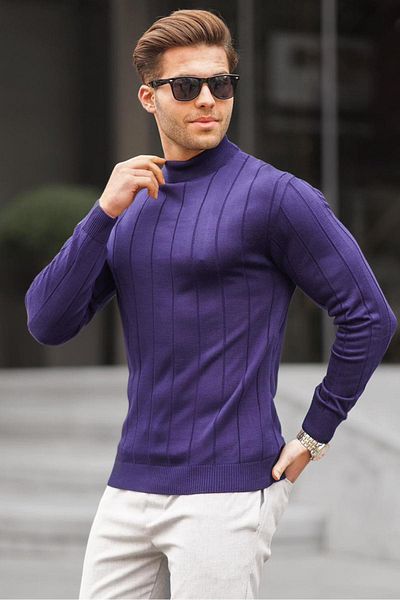Madmext Marineblauer Slim Fit Halbrollkragenpullover mit Streifen und Anti-Pilling für Herren Strickpullover 6344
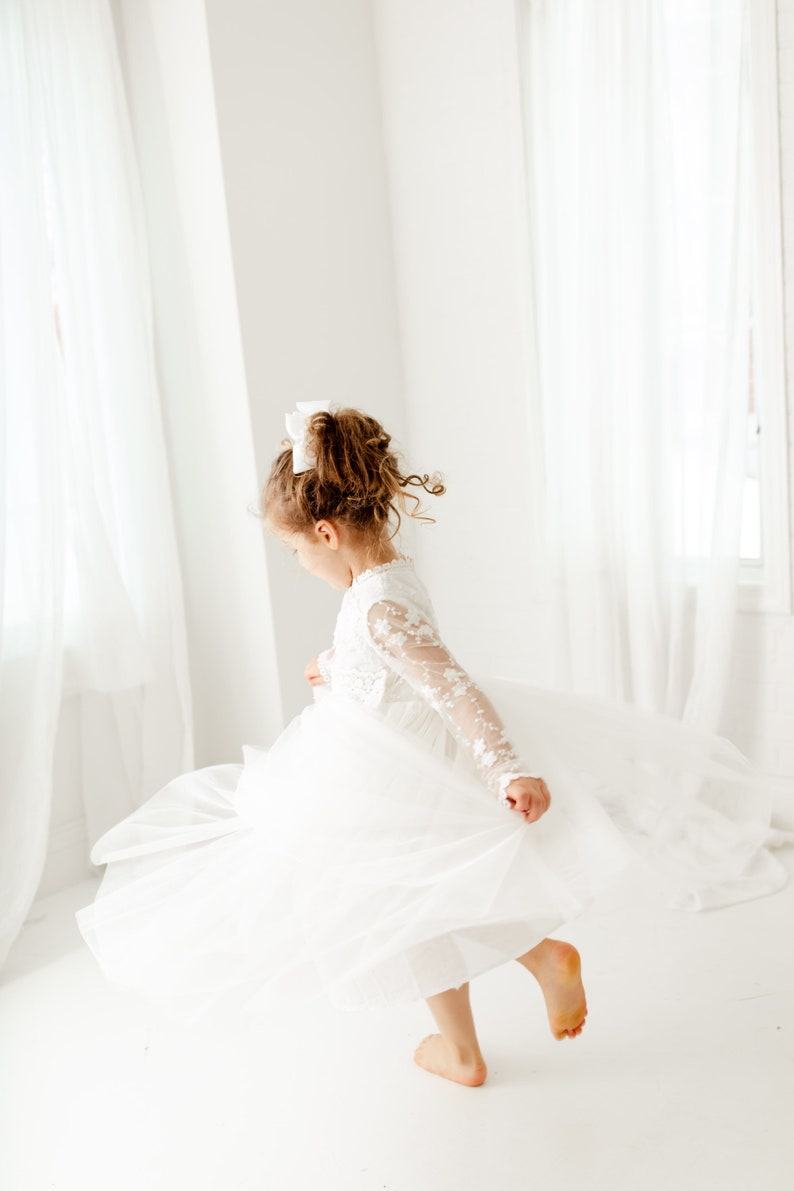 Long Sleeve Lace Flower Girl Dress, Rustic White Tulle Wedding Outfit for Girls, Bohemian Christening Gown, Baby Baptism Dresses image 6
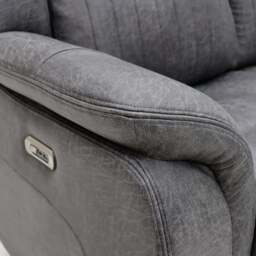 Leon Grey Tech Fabric Armchair Electric Reclining Sofa USB/C Charging Ports - thumbnail 3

********************

▸ What the exercise asks: Nothing should appear in the answer except the lines from the first line of the data through the line holding "Long Sleeve Lace", exactly as written, with pictures left out.

▸ Reply to the exercise:
Madmext Marineblauer Slim Fit Halbrollkragenpullover mit Streifen und Anti-Pilling für Herren Strickpullover 6344
 Long Sleeve Lace Flower Girl Dress, Rustic White Tulle Wedding Outfit for Girls, Bohemian Christening Gown, Baby Baptism Dresses image 6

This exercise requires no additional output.